Over the course of several days, I met with the senior people from a broad array of some of the largest tech companies, including AT&TCisco and Cognizant Technology, as well as many other companies, large and small.

One of the things that struck me about the people I met at these large companies was how impressive they all were. To a person, they were articulate, thoughtful and knowledgeable about their challenges and opportunities. At a time when the state of our national politics is such a mess, it’s a comfort to know that these tech companies whose sales total close to $1 trillion, a sizable chunk of the U.S. economy, are adapting to how the world is changing without dysfunction. They are honest with themselves about the challenges they face to build their companies for the future.

The Conversations Are All About The Store Experience

The conversations revolved around one big topic – what’s now thought of as a critical issue for stores and referred to as “the customer experience.” What’s caused them to talk this way? Retail stores are challenged now, they have to offer something better than they have in the past to motivate customers to come in. The tech companies are doing everything they can to address these issues. Dirk Izzo, Senior Vice President of the Industry Solutions Group at NCR said to me, “The challenge we see is that more and more retailers need to integrate the physical world with the digital world.” What he means is that NCR and other tech companies are facilitating the collection of the same type of data about customers who are in stores as retailers already collect about customers who are shopping online. For example, when a consumer shops on a website, the retailer can see what they click on, what they buy, what they delete from their shopping cart, how long they dwell on a product image and many other behaviors. In physical stores, it’s harder to see and measure those metrics. New technology is now devoted to analyzing images and video and making human-like judgments from them. It won’t be long before a retailer will know what a customer looks at in a store, what they pick up and keep, what they put down, where they walk in the store, where they spend time standing and what catches their attention.  Many consumers say that sort of observation “creeps them out.” But the data show that consumers actually prefer it. Last week the Sports Industry Association held its Outdoor Retailer Show, the biggest trade show for the active outdoor market. At that show, Ruben Martin, Co-Founder and CEO of the e-commerce software solution provider Quivers, quoted a report from Accenture. He said, “65% of consumers say they are more likely to shop at a retailer in-store or online that knows their purchase history.” That's not exactly what creeps people out, but we're getting closer to it all the time and consumers have shown they want it if it gives them additional convenience and service.

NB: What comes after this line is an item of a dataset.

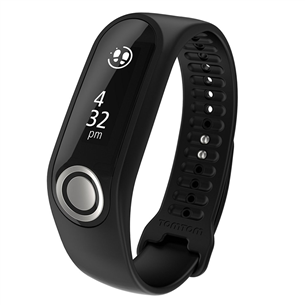 Fitness tracker TomTom Touch / L (143-206 mm)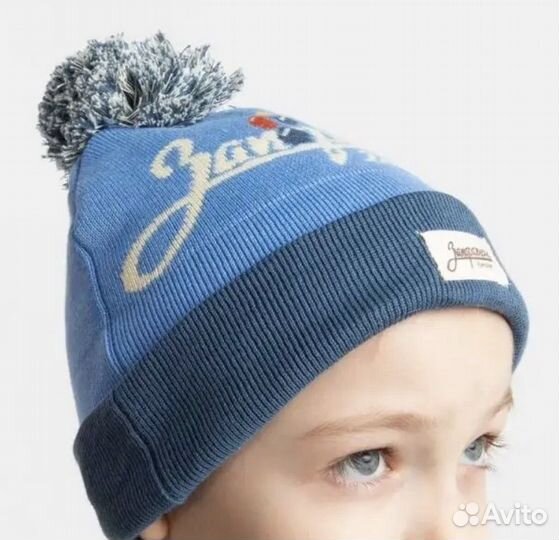 Шапка детская Запорожец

Having specific information on each consumer will allow a retailer to offer more products that are specifically tailored to each consumer’s individual preferences. Laurence Haziot, Global Managing Director and General Manager of Consumer Industries at IBM, said to me, “Marketing was segmenting consumers. Now, each consumer is one segment on their own, with expectations heavily depending on the moment and the context. Consumption habits are evolving and the consumer wants what they want:  New, safe, without gluten, allergy-free, safely and ethically produced and they just want to buy it the way they want.” Aggregating all that information lets a retailer see how to better organize their store which leads to better outcomes for consumers. That’s what tech companies are talking about and I’d bet the word “experience” was used more than any other at the conference for three days straight.

Matt Powell, an industry advisor at the market research firm NPD Group, spoke at the Outdoor Retailer Show and he agreed with Haziot of IBM. Powell said, “Consumers are in charge of trends. It’s a brand’s responsibility to recognize those trends and to feed them. Brands and retailers don’t create trends anymore, consumers do.” That can’t be done without technology, it's the only way to satisfy so many different needs simultaneously.

Stephan Schambach, Founder & CEO of NewStore told me, “Retail is grappling with technology changes and how to create better shopping experiences. There’s a lot of renewed interest by retailers in technology to meet the bar that Amazon has set.” Tom Chittenden, Vice President and General Manager of Retail Industry Solutions at NCR said, “NCR is about traveling to a specialty retailer and the grocery and having the same experience… Retailers today want to out-innovate their competitors and that’s how they’re staying relevant. How do they do that? With access to data.”

Amazing Technology

The offerings from technology companies are fantastic. Ted Westerheide, an advisor to IBM said, “Discovering intent and taking action is the goal. We differentiate it from [Amazon’s smart speaker] Alexa’s understanding of key words… [This is] understanding intent and [the] meaning of a sentence.” The underlying technology I saw is so remarkable there were many I never thought would happen in my lifetime.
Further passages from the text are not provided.